For the demo, Cannon first created a file on the SD card of the Android device. Next, he visited a malicious page and watched as it grabbed the file and automatically uploaded it to a server.

Protective Measures

The Android Security Team responded within 20 minutes of Cannon's notification about the flaw and is planning a fix that will go into a Gingerbread maintenance release after that version becomes available, he said. An initial patch has already been developed and is now being evaluated.

In the meantime, since not all gadget manufacturers provide timely Android updates, Cannon suggests a few steps users can take to protect themselves, including:

* Disabling JavaScript in the browser.

* Watching for suspicious automatic downloads, which should be flagged in the notification area. "It shouldn't happen completely silently," Cannon notes.

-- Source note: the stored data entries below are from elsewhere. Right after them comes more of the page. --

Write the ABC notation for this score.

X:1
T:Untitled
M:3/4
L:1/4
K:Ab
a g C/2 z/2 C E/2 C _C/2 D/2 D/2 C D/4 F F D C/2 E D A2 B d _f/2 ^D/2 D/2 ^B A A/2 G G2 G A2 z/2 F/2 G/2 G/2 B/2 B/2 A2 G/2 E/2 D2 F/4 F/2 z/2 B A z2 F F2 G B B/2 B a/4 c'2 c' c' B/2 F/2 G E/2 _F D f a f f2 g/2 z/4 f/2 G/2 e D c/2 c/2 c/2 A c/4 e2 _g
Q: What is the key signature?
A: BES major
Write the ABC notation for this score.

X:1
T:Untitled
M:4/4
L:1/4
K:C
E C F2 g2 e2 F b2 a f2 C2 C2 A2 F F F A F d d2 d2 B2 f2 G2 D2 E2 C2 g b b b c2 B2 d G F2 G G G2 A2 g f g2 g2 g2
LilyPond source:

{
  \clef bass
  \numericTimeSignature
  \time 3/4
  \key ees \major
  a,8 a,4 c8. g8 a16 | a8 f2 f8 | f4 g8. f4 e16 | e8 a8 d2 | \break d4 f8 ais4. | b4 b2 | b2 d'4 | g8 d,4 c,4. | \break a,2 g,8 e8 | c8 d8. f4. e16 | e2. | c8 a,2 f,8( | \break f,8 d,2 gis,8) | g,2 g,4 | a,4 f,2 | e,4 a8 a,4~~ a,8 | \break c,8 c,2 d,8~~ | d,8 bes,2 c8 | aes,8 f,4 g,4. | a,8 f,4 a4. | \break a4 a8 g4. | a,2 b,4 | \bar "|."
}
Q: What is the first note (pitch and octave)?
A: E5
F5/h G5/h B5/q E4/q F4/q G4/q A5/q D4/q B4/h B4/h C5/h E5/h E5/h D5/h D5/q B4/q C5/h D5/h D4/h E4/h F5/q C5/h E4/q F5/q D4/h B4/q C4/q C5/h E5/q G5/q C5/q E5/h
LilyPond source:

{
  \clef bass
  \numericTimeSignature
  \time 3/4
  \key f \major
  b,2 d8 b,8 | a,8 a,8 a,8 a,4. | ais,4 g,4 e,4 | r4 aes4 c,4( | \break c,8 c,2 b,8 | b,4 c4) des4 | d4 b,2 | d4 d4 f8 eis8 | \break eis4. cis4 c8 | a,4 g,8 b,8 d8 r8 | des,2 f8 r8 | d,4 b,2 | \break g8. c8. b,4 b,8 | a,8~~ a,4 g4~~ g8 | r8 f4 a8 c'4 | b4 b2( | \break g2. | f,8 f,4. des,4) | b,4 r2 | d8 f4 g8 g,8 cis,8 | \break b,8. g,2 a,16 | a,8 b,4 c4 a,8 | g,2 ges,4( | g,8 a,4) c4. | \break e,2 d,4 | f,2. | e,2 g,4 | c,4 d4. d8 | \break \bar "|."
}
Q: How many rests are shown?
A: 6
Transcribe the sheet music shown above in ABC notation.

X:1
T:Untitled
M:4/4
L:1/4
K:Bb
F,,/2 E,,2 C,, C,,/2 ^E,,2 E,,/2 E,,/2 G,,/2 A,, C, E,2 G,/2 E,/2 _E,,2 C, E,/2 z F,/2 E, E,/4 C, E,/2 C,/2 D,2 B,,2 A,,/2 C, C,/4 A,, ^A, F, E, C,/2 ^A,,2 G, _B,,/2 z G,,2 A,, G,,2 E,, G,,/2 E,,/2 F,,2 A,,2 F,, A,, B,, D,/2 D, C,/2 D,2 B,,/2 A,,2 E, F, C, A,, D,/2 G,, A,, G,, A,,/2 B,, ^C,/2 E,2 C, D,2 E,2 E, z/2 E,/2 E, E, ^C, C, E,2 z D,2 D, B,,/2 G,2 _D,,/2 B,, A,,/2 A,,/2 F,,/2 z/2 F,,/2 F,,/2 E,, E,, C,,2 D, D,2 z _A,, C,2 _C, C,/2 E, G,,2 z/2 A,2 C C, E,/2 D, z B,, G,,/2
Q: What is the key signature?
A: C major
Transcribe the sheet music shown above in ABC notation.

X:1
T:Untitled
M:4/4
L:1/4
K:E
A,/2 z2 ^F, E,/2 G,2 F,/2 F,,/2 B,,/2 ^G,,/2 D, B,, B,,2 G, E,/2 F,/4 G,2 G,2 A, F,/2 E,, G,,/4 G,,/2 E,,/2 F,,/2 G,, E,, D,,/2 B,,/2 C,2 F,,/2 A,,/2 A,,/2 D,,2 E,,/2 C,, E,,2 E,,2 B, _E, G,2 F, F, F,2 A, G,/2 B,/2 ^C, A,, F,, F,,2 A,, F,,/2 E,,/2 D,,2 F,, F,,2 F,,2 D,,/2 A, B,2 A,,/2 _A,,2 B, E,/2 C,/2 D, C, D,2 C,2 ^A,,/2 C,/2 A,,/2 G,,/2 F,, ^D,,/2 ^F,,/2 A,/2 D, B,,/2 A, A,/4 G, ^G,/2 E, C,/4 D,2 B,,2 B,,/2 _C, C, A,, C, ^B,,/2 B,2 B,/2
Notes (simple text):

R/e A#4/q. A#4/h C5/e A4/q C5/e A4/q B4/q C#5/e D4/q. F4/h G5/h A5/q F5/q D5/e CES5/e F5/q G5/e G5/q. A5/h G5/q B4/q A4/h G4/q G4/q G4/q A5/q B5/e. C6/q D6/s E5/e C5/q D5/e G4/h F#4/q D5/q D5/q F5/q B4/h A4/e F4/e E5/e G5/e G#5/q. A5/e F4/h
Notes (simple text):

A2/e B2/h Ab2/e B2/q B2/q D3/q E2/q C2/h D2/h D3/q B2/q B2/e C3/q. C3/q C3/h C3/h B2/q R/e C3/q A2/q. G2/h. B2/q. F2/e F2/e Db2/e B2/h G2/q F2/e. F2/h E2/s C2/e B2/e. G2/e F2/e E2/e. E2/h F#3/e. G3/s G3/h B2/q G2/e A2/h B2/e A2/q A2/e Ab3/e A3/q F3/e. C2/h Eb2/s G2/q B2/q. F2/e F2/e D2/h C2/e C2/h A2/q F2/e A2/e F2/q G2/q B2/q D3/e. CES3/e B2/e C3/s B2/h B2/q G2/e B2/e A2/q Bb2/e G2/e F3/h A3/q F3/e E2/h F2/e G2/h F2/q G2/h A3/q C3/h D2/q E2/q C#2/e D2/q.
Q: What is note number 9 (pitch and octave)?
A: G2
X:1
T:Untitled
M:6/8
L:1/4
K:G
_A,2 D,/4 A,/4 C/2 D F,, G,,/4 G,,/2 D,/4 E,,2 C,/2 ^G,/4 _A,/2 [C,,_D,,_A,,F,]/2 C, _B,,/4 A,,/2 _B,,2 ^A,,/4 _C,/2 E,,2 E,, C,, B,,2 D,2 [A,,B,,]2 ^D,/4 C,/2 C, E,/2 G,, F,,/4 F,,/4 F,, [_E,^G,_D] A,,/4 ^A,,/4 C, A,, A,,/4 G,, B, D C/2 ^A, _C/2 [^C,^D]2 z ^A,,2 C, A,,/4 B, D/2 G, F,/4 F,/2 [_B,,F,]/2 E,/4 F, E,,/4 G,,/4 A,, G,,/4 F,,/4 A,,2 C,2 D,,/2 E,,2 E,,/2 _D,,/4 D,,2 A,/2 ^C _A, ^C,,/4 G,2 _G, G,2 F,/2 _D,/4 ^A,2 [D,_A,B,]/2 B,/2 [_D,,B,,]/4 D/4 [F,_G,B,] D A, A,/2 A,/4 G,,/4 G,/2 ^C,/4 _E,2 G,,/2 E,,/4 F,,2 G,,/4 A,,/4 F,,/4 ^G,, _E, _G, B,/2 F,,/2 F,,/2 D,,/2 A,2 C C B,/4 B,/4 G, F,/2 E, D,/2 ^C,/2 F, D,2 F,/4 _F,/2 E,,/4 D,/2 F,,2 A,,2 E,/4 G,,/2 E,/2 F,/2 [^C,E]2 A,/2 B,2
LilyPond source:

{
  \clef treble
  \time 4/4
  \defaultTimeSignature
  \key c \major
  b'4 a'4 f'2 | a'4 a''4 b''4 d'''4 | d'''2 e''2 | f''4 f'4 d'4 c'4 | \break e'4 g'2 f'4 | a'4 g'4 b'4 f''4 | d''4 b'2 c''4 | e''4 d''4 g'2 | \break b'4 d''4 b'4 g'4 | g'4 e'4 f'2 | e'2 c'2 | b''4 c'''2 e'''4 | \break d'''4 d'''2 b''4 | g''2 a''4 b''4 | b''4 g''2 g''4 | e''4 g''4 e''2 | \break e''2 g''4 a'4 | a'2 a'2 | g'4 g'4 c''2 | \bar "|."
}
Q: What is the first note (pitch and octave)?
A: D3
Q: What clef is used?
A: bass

* Using a browser such as Opera Mobile, which prompts the user before downloading files.

* Unmounting the SD card.

The Android Advantage

Though it is clearly a vulnerability that needs to be addressed, there is good news in Cannon's discovery as well.

First, "it is not a root exploit, meaning it runs within the Android sandbox and cannot grab all files on the system," Cannon pointed out. Rather, it exposes only files on the SD card and "a limited number of others." System directories, in other words, remain protected.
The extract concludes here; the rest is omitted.